> TASK TO CARRY OUT
The answer must be an exact transcription of all the records below.

> EXTRACTED RECORDS
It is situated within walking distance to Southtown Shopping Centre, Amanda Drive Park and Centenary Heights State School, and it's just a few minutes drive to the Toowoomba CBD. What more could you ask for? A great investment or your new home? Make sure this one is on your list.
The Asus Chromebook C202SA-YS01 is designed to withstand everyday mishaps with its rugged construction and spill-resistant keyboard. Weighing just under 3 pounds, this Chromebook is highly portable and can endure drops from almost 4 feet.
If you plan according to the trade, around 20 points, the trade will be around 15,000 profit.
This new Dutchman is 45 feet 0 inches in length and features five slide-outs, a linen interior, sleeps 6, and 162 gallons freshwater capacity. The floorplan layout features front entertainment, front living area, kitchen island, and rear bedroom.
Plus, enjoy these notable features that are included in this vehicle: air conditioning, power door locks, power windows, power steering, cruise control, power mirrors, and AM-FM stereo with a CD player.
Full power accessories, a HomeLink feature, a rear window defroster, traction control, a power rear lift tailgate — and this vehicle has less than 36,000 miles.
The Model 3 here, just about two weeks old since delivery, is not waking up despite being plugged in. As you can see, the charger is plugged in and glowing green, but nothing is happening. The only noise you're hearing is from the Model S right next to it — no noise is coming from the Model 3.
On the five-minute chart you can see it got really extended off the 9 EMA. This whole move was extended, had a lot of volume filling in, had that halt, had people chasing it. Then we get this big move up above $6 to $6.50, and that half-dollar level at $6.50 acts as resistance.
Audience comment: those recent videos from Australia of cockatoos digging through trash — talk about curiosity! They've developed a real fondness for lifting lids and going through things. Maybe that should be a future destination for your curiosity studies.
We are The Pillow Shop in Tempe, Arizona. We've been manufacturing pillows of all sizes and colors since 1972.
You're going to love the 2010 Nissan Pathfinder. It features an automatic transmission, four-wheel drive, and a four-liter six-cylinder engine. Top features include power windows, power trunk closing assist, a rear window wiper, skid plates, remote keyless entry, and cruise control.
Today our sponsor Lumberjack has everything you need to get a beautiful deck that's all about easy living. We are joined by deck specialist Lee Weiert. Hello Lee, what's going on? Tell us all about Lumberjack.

> RESPONSE TO THE EXERCISE
It is situated within walking distance to Southtown Shopping Centre, Amanda Drive Park and Centenary Heights State School, and it's just a few minutes drive to the Toowoomba CBD. What more could you ask for? A great investment or your new home? Make sure this one is on your list.
The Asus Chromebook C202SA-YS01 is designed to withstand everyday mishaps with its rugged construction and spill-resistant keyboard. Weighing just under 3 pounds, this Chromebook is highly portable and can endure drops from almost 4 feet.
If you plan according to the trade, around 20 points, the trade will be around 15,000 profit.
This new Dutchman is 45 feet 0 inches in length and features five slide-outs, a linen interior, sleeps 6, and 162 gallons freshwater capacity. The floorplan layout features front entertainment, front living area, kitchen island, and rear bedroom.
Plus, enjoy these notable features that are included in this vehicle: air conditioning, power door locks, power windows, power steering, cruise control, power mirrors, and AM-FM stereo with a CD player.
Full power accessories, a HomeLink feature, a rear window defroster, traction control, a power rear lift tailgate — and this vehicle has less than 36,000 miles.
The Model 3 here, just about two weeks old since delivery, is not waking up despite being plugged in. As you can see, the charger is plugged in and glowing green, but nothing is happening. The only noise you're hearing is from the Model S right next to it — no noise is coming from the Model 3.
On the five-minute chart you can see it got really extended off the 9 EMA. This whole move was extended, had a lot of volume filling in, had that halt, had people chasing it. Then we get this big move up above $6 to $6.50, and that half-dollar level at $6.50 acts as resistance.
Audience comment: those recent videos from Australia of cockatoos digging through trash — talk about curiosity! They've developed a real fondness for lifting lids and going through things. Maybe that should be a future destination for your curiosity studies.
We are The Pillow Shop in Tempe, Arizona. We've been manufacturing pillows of all sizes and colors since 1972.
You're going to love the 2010 Nissan Pathfinder. It features an automatic transmission, four-wheel drive, and a four-liter six-cylinder engine. Top features include power windows, power trunk closing assist, a rear window wiper, skid plates, remote keyless entry, and cruise control.
Today our sponsor Lumberjack has everything you need to get a beautiful deck that's all about easy living. We are joined by deck specialist Lee Weiert. Hello Lee, what's going on? Tell us all about Lumberjack.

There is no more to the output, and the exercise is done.